At last, a company representative announced that we would not be flying that night. We were herded onto a bus which slid on the slush as it careened toward a distant hotel. There we were served a box lunch (a dry sandwich, some chips, and an apple) and assigned rooms. People had to share, so Helicopter Woman and I joined forces. I worried about sleeping in the same room with a stranger, and I remember tucking my purse under the covers with me. The following morning, we were given coffee and stale donuts before being bussed back to the North Terminal.

Finally, we boarded. Since I’d spent the night unscathed, I stayed with Helicopter Woman. With no assigned seats, my savvy travel companion snagged an exit row and we settled in, stretching our legs. A flight attendant (or stewardess as she was then) soon arrived with a man in tow. “I want a man to sit by the emergency exit,” she explained, “so this fellow will take the remaining seat in the row.” I kept my window seat.

As luck would have it, Emergency Man was booked on the same flight I had from Frankfurt. We teamed up for the remainder of the journey. The flight was uneventful, except that our meals were out of order. We were served the dinner we would have had the previous night for breakfast, and for lunch we had what passed for scrambled eggs and bacon.

By the time Emergency Man and I reached Germany, our flight was long gone, and we couldn’t get another one for a couple of days. He suggested that we take the train and led me to the station.

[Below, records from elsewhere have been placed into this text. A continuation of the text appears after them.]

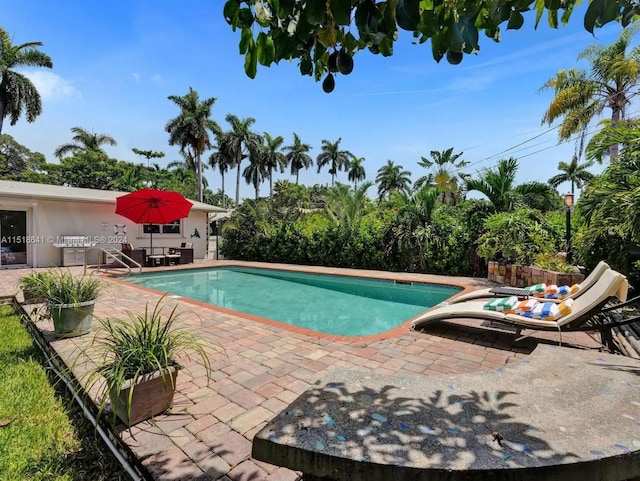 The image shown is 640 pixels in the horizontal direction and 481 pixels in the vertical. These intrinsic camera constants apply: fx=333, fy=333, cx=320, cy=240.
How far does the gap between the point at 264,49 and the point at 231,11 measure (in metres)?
0.21

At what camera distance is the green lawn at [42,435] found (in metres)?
2.34

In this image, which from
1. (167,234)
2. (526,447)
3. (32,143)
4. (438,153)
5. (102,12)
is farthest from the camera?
(32,143)

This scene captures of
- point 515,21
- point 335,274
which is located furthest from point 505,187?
point 515,21

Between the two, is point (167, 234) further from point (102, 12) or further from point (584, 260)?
point (584, 260)

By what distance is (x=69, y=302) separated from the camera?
463 cm

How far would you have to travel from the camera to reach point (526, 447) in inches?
63.7

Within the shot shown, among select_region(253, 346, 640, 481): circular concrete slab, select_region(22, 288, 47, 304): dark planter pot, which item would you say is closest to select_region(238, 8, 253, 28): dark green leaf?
select_region(253, 346, 640, 481): circular concrete slab

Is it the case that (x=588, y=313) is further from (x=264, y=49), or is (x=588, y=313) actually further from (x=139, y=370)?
(x=139, y=370)

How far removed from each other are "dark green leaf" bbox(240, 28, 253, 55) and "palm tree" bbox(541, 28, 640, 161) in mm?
19173

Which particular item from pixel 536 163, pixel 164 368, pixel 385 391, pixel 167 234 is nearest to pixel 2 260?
pixel 167 234

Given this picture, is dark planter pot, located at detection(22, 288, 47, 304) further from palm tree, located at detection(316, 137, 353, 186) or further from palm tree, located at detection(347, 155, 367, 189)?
palm tree, located at detection(347, 155, 367, 189)

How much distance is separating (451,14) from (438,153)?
31176 mm

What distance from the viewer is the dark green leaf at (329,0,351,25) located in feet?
4.17

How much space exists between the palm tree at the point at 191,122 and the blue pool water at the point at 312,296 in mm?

We bought our tickets, had something to eat, and soon were riding the rails south. I admired the gingerbread houses along the German countryside and dozed a bit. My excitement grew as my energy level drooped.

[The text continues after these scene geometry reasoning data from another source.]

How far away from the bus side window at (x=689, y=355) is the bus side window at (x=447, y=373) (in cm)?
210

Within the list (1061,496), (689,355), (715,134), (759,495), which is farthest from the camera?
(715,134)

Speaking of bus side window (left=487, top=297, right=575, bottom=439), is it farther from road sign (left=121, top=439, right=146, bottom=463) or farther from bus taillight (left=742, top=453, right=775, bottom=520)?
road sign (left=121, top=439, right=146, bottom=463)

Photo of Red-tiled Roofs by Jasmin Lee
We had a compartment to ourselves, second class though it was, and Emergency Man showed me how those old trains let you convert the seats into makeshift beds. Seats opposite each other could be pushed down until they met in the middle, leaving one end slightly elevated like a pillow. I actually slept, but we were nudged awake by ticket checkers and passport control at the Swiss border. We tunneled under the Alps and stopped again for ticket checkers and passport control in Italy.

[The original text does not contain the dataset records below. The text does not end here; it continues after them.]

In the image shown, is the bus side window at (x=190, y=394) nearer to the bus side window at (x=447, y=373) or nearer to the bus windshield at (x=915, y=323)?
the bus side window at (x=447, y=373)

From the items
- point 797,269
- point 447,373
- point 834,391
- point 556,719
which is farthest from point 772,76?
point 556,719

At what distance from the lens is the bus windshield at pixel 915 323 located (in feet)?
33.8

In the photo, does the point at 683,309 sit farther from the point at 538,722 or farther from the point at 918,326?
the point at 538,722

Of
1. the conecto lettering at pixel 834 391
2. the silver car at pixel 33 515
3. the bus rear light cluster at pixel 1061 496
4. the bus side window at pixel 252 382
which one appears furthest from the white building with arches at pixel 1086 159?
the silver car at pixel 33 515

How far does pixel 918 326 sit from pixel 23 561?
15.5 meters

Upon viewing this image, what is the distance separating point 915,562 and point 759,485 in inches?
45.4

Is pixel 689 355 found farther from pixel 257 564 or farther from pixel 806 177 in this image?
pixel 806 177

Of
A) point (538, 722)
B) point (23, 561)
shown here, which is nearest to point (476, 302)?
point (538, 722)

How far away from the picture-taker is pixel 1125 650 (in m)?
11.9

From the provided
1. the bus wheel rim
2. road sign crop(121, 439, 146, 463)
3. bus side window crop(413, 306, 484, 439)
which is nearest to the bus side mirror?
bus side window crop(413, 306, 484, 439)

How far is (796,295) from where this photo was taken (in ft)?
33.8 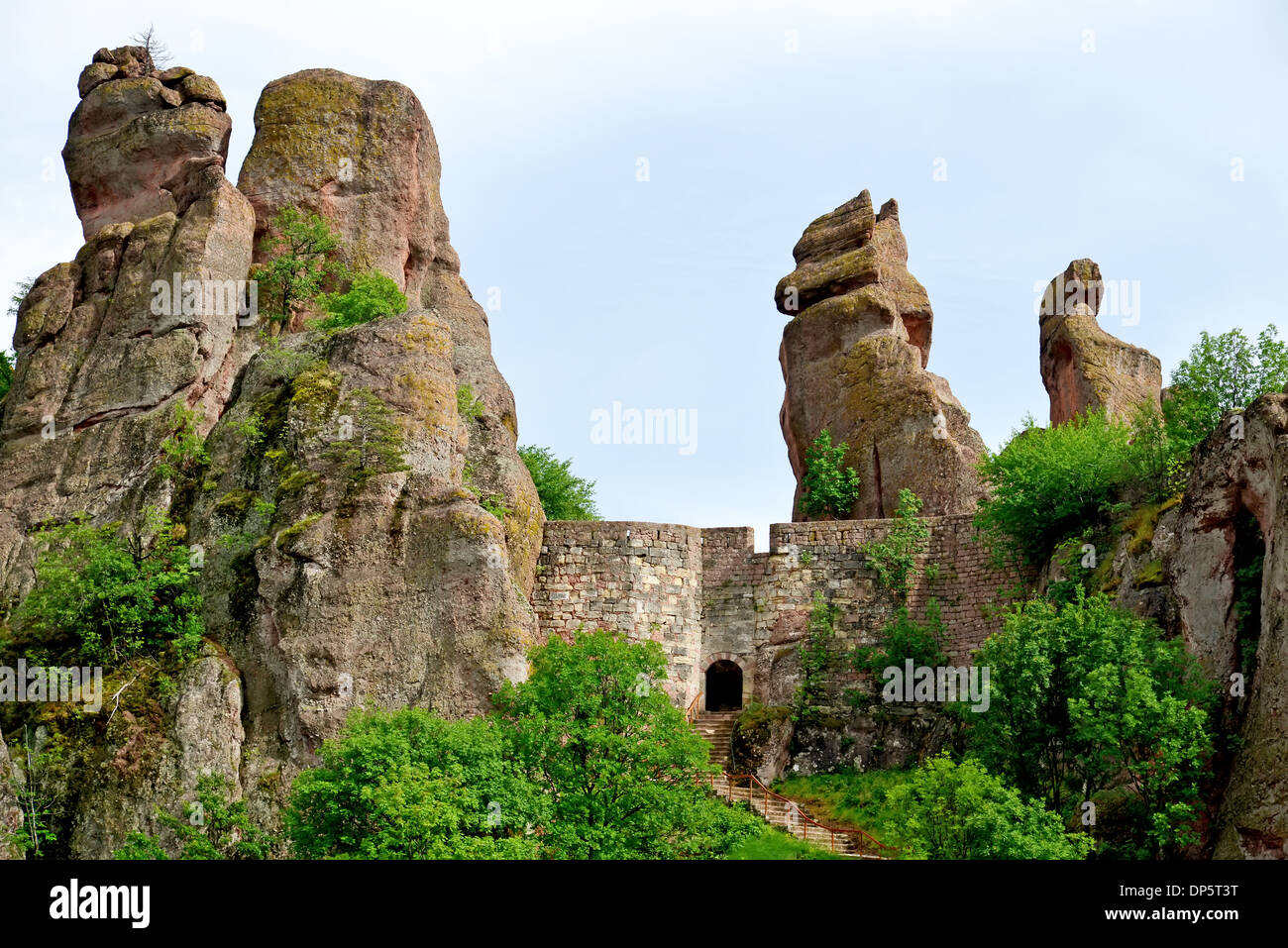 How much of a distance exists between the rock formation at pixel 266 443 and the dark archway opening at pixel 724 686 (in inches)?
195

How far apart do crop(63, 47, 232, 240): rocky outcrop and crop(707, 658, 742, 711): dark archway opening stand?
1783 centimetres

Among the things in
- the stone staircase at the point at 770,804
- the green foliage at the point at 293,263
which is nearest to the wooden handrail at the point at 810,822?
the stone staircase at the point at 770,804

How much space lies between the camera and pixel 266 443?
36.9 metres

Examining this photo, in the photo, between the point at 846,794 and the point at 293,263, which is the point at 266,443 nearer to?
the point at 293,263

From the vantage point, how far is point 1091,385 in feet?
160

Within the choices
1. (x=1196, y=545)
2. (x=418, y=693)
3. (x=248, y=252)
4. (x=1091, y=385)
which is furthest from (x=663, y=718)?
(x=1091, y=385)

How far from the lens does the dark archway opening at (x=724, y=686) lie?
138 feet

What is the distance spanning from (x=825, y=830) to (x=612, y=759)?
658 centimetres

My heart rat-a-tat-tatted in my chest. I was here! At the next stop, we bought crusty rolls filled with salami from a cart on the platform. The red-tiled roofs sped by, and I munched my first taste of Italian food as the train wended its way to Florence. 

Join me on alternate Thursdays at Italian Intrigues where I write about food and wine, mysteries and crime. And please visit my new website at


  1. What an ordeal! But so nice to find other people on your journey to help you along. It turned an otherwise stressful trip into an adventure. It sounds like you had a great attitude, being open to whatever you encountered.

    1. It might have put someone else off travel forever, but it actually whetted my appetite. The fact that I encountered so many helpful people made it work for me, of course.

  2. What an adventure, Patricia. I applaud your persistence! And look at how that persistence has benefitted you--and your readers--in so many ways. Your blog tempts me to write a guest blog (if you take them) about my first time teaching English in S. Korea.

    Chris Roerden

    1. Oh, Chris, thank you. And you're on for a guest post. I'll email you privately.

  3. That really was quite an adventure for your first trip to Italy, and at a young age. How lucky you were to have helpful and more experienced travelers to guide you along each leg of the journey.

    And please, do get Chris to write a guest post for us!

  4. Thanks, Heidi. It's amazing that at each leg of the trip I met someone going my way who was willing to give me advice and help. The experience made me more interested in traveling rather than scaring me off.

  5. What a great adventure!! I love it that you found such nice people to help you and that you made it to Italy.

    1. Amazing coincidences! I didn't realize it at the time. Thanks for stopping by.